Selama penyerahan barangnya dilakukan sesuai syarat prangko gudang penjual (penjual menanggung biaya pengiriman sampai ke gudang pembeli) di Singapura atau loco gudang pembeli (pembeli menanggung biaya pengiriman barang dari gudang penjual ke gudang pembeli) di Singapura maka atas penyerahan barang tersebut tidak dikenakan PPN oleh PT. Agen (Misal Jakarta) terhadap PT. User (Misalnya Kalimantan), dengan catatan : 1).
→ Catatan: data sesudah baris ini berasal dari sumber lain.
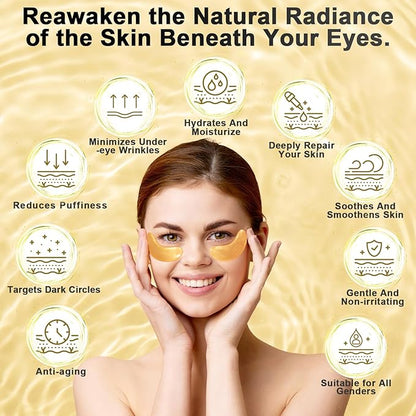 Under Eye Patches (24 Pairs) - 24K Gold Eye Masks Enriched with Abundant Collagen | Diminish Dark Circles and Puffiness | Anti-Aging, Smooth Fine Line, Nourish Skin - Gifts for Women Skin Care
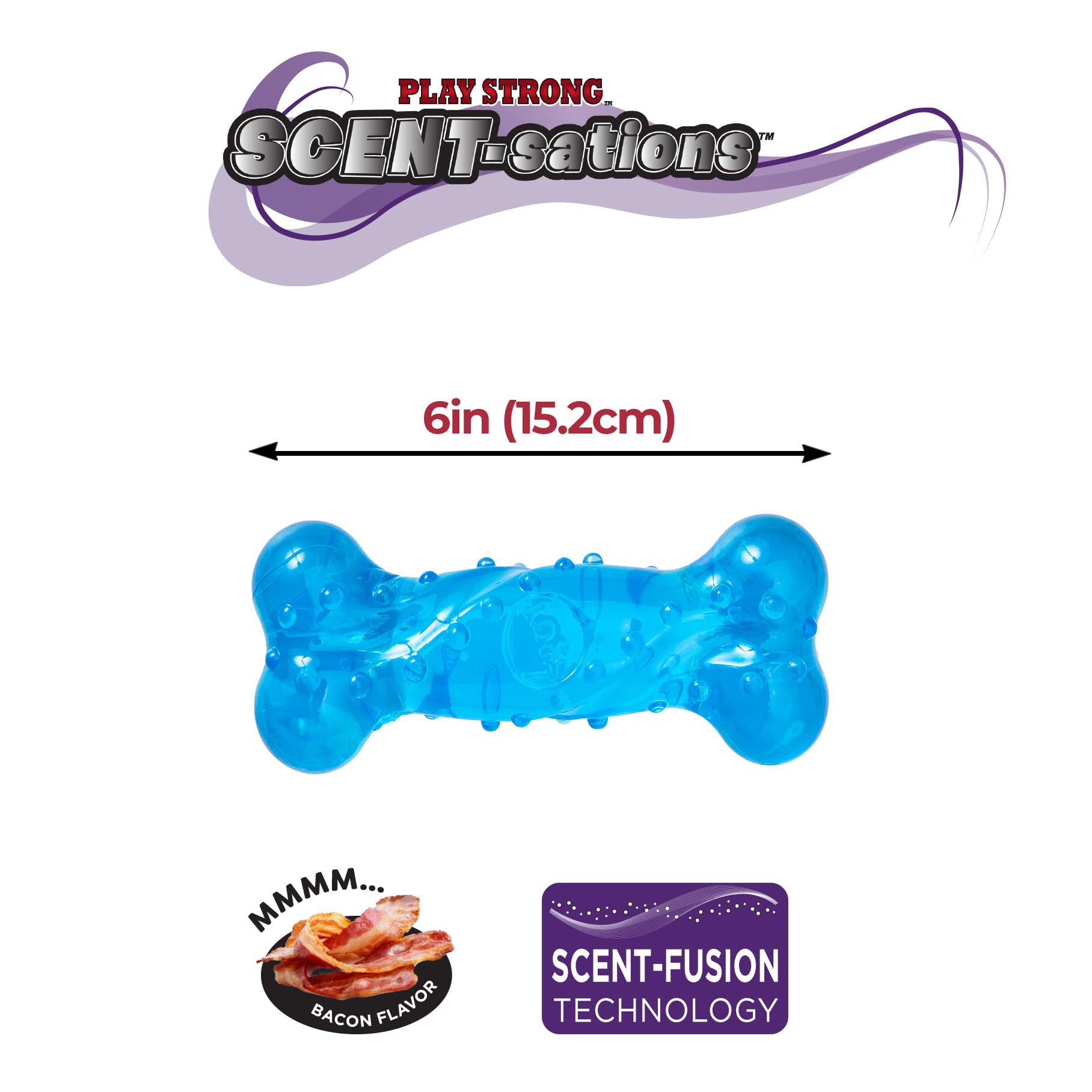 Spot Play Strong Scent-Sations Bone - Scent-Infused, Strong, Durable Tpr Rubber, Heavy Duty Dog Toys For Aggressive Chewers Up To 45Lbs, Perfect For Puppies & Medium Breeds, 6In, Bacon Flavored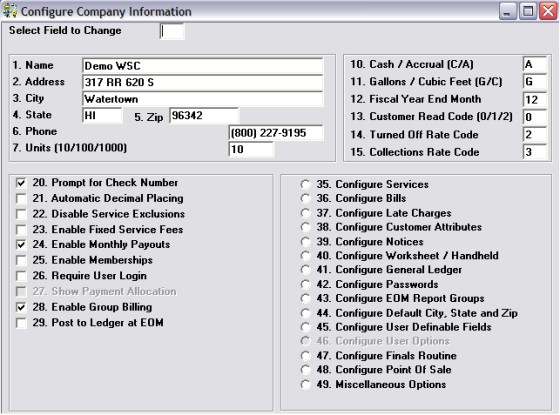 RVS Mosaics Company Configuration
PT. Agen tersebut harus bisa membuktikan terdapat transaksi pembayaran langsung /lewat transfer langsung oleh PT. Agen (Indonesia) kepada pabrikan atau principal-nya di Singapura. 2). Kontrak perjanjian jual beli (Seperti PO) mensyaratkan dibuat/dilengkapinya bukti pemnyerahan barang/delivery order (DO) dari pabrikan luar negeri kepada user (PT. User) untuk penyerahan barang di Singapura.

Pola 2, Penyerahan barang dilakukan di Singapura,  Pabrikan (luar negeri selaku principal) —> PT. Agen (Ina) —> PT. Trader (Ina) —>  PT. User (Ina).

Selama penyerahan barangnya dilakukan sesuai syarat prangko gudang penjual di Singapura atau loco gudang pembeli di Singapura, maka atas penyerahan barang tersebut tidak dikenakan PPN oleh PT. Trader (Indonesia) terhadap PT. User dengan catatan : 1). PT. Trader harus bisa membuktikan adanya transaksi pembayaran transfer langsung oleh PT. Trader kepada pabrikan di Singapura. 2). Kontrak perjanjian jual beli (Seperti PO) mensyaratkan dibuat/dilengkapinya bukti pemnyerahan barang/delivery order (DO) dari pabrikan luar negeri kepada user (PT. User) untuk penyerahan barang di Singapura. Dalam hal ini PT. Agen (Indonesia) hanya bekerja sebagai perpanjangan tangan dari principal-nya di luar negeri dan hanya menerima penghasilan berupa komisi keagenan/agency fee yang diterima dari principal sesuai dengan perjanjian yang disepakati.

Disamping loopholes yang memungkinkan seorang subjek pajak lolos dari pemajakan dengan penguatan kepastian hukumnya seperti uraian di atas, subjek pajak dimungkinkan lolos dari pengenaan PPN apabila barang tersebut merupakan barang “hand carry” yang ukuran kecil namun bernilai mahal sehingga dapat lolos dari pelacakan proses custom clearance di Bea Cukai, sehingga secara otomatis semua import duties yang harus dibayar dan luput dari penerimaan negara, cara yang sangat berbeda dan naif dengan melakukan pembebanan fiktif dalam laba rugi demi mengecilkan pajak.